Congress is set to bring stablecoins into the financial mainstream, with legislation that has sparked a frenzy of interest from startups, banks and even retailers like Walmart that were previously wary of cryptocurrencies.

But the bill, known as the Genius Act, has a tough message for Tether, the No. 1 player in stablecoins: Shape up or get kicked out of the U.S. market.
link

I think regulation is fair in this case because from the start, USDT has always been tied to the US dollar, which is the most powerful currency globally ( i think)... The law just formalizes things to protect users and ensure that every token is backed 1:1 with real USD. And, the US benefits since the issuer needs to purchase treasury bonds, which indirectly strengthens their economy.
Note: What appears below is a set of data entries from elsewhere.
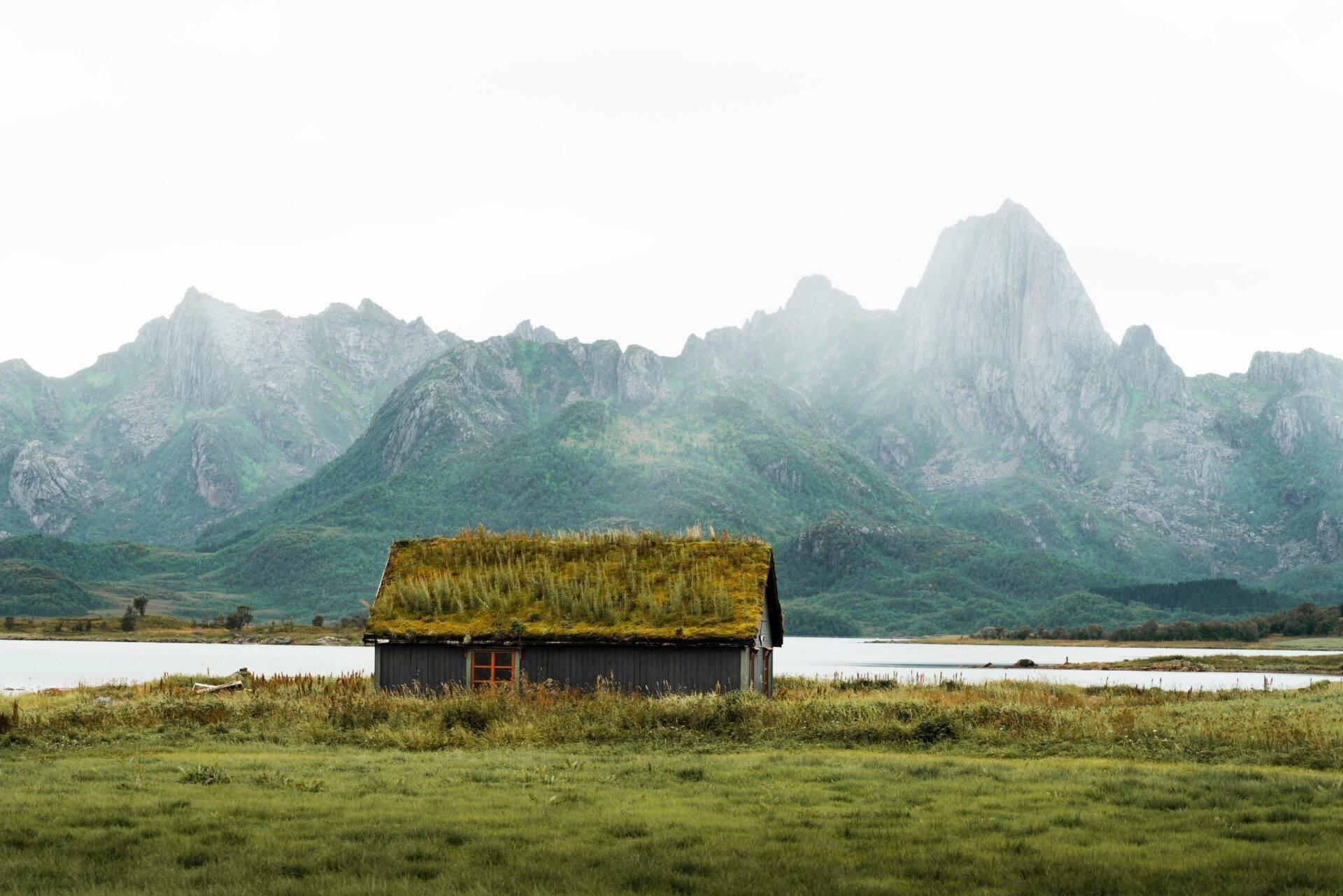 Une cabane au toit de mousse devant un lac et des montagnes rocheuses verdoyantes en Norvège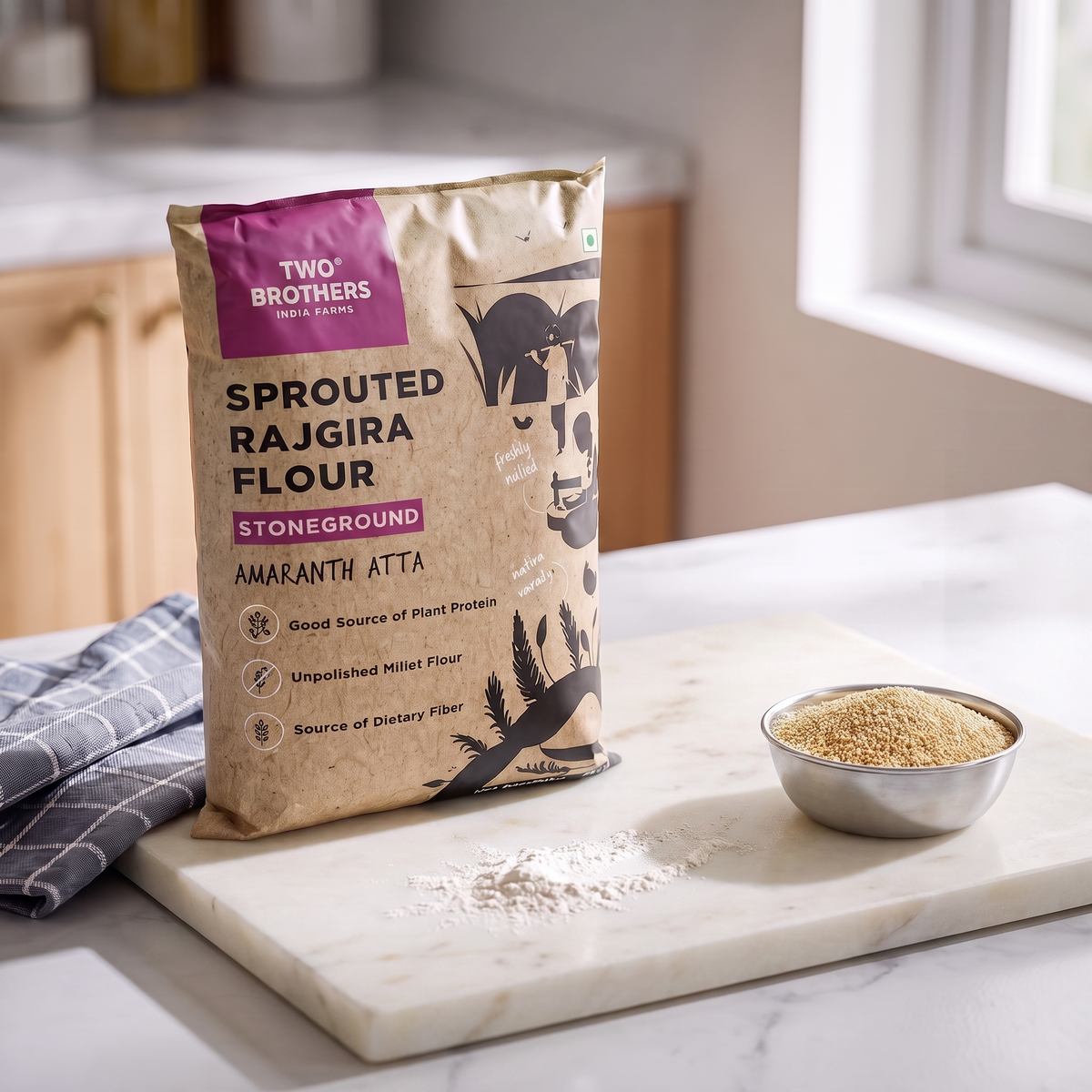 Sprouted rajgira atta pack on a kitchen counter beside a steel bowl of rajgira flour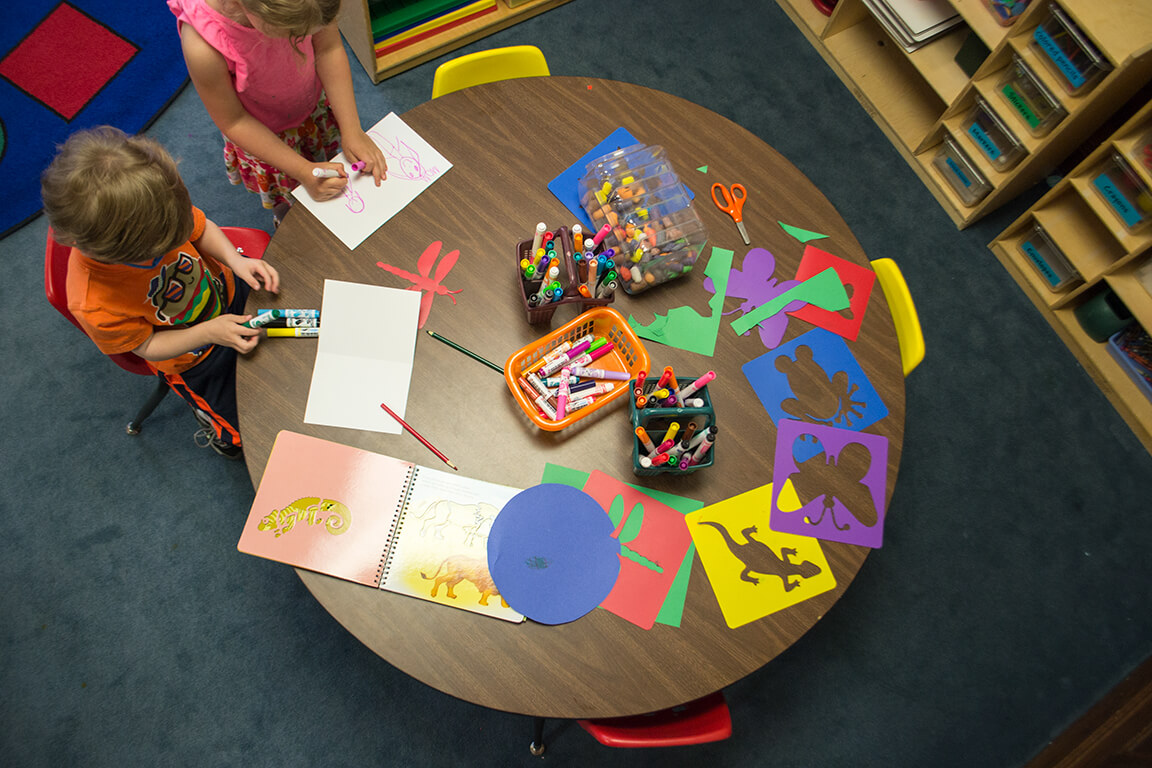 A class work table at Kirk Preschool with art projects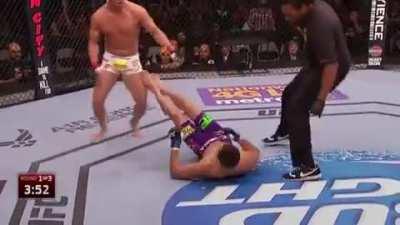Daron Cruickshank floors Jorge Masvidal with a right hand, that Masvidal somehow recovers from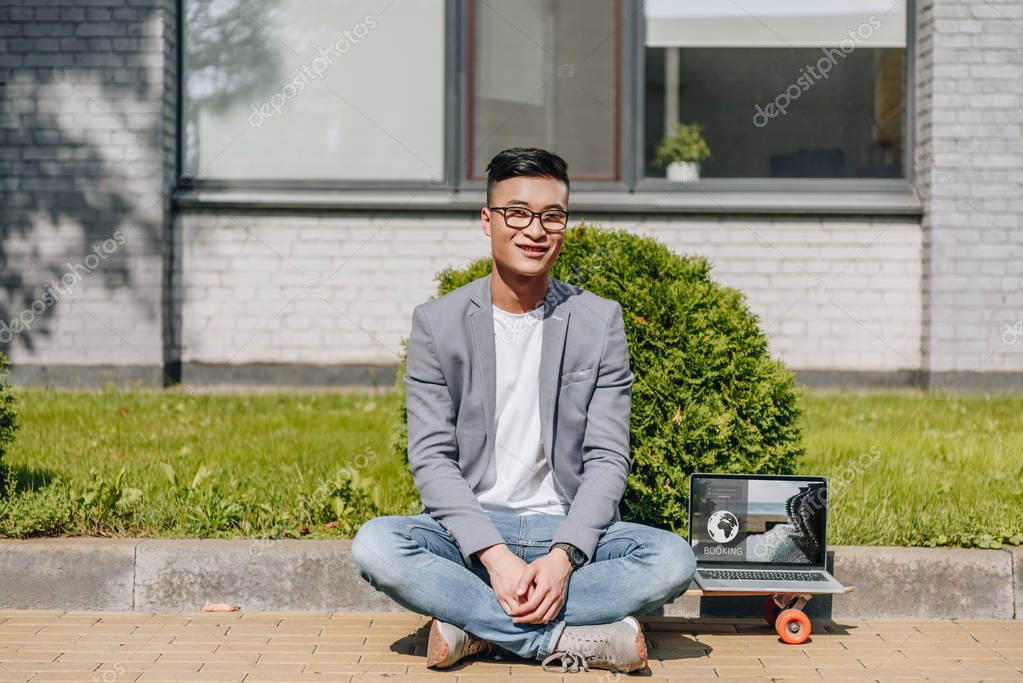 Smiling asian man sitting on longboard with laptop with booking website on screen on street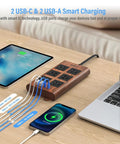 Slick Wood Finish Surge Protector Power Strip With Six Widely Spaced Outlets And Dual USB C Plus Dual USB A Ports on desk.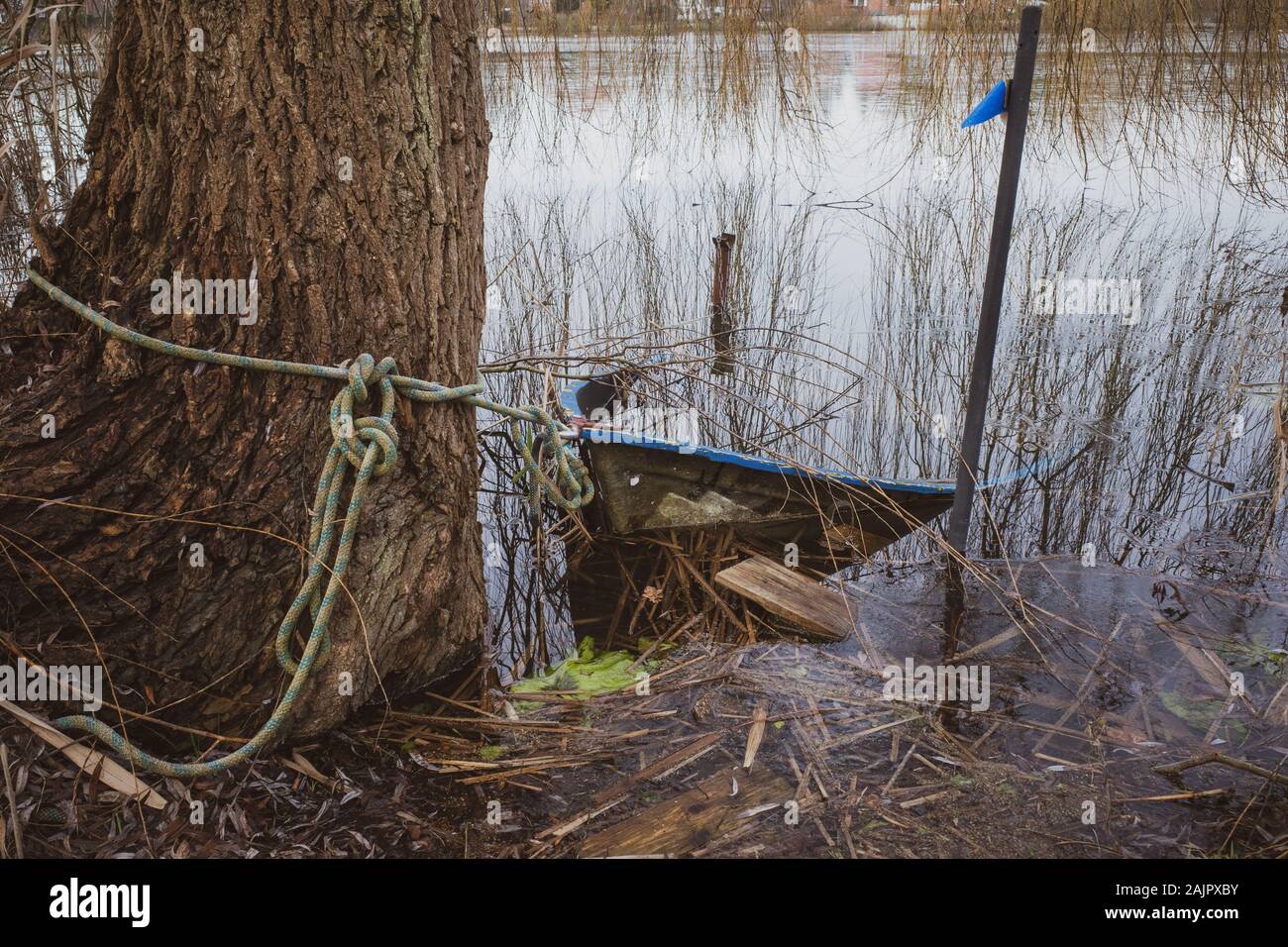 Un bateau à rames est situé sur la rive d'un petit lac gelé Banque D'Images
But now, there’s a big difference compared to before. Even though USDT still uses the crypto network for transactions, it’s practically like a bank now. Anyone using it is subject to audits, strict KYC, and anti-money laundering checks, so privacy is basically gone in this area.

Another thing is that issuers can’t offer staking or interest-bearing services anymore because the law is very strict on that. It looks like they only want these issuers to make money from transaction fees and nothing else.